Led by sleep expert and clinical psychologist Michael Breus, the study measured the effects of insufficient rest on men and women.
“We found that for women, poor sleep is strongly associated with high levels of psychological distress, and greater feelings of hostility, depression and anger. In contrast, these feelings were not associated with the same degree of sleep disruption in men,” said one researcher on the study in a recent press release(1).
“This is the first empirical evidence that supports what we have observed about the role of gender and its effects upon sleep and health.”

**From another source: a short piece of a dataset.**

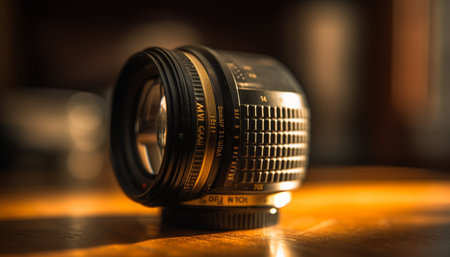 Antique camera on wooden table, selective focus captures elegance generated by artificial intelligenceの素材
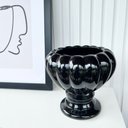 Ver imagem 2 de Decoração vaso centro de mesa preto moderno taça gomo decor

Women with high levels of sleep disruption also showed high levels of c-reactive protein and interleukin-6, measures of inflammation which are associated with an increased risk of heart disease.
Who Needs How Much Sleep?
There are many biological factors that go into determining how much sleep an individual needs. However, many experts believe that it comes down to how much mental energy you expend each day – and women, they believe, are expending more than men hence why women need more sleep.
“One of the major functions of sleep is to allow the brain to recover and repair itseld,” said Jim Horne, director of the Sleep Research Center and Loughborough University in England, in a recent interview with The Australian(2).
“During deep sleep, the cortex – the part of the brain responsible for thought, memory, language and so on – disengages from the senses and goes into recovery mode. The more of your brain you use during the day, the more of it that needs to recover and, consequently, the more sleep you need. Women tend to multi-task – they do lots at once and are flexible – and so they use more of their actual brain than men do.”
Promoting Good “Sleep Hygiene”
While the average American adult tends to need between 7 and 9 hours of sleep per night, many say that they don’t regularly meet this quota.
According to the National Sleep Foundation, if you’re struggling to get enough sleep, it’s important to practice good “sleep hygiene” – habits that will help promote better quality sleep.
Some of these habits include:
- avoiding daytime naps longer than 30 minutes;
- stimulants such as caffeine close to bedtime;
- getting enough exercise;
- having adequate exposure to natural light;
- and associating your bed with sleep rather than with wakeful activities like watching TV or reading(3).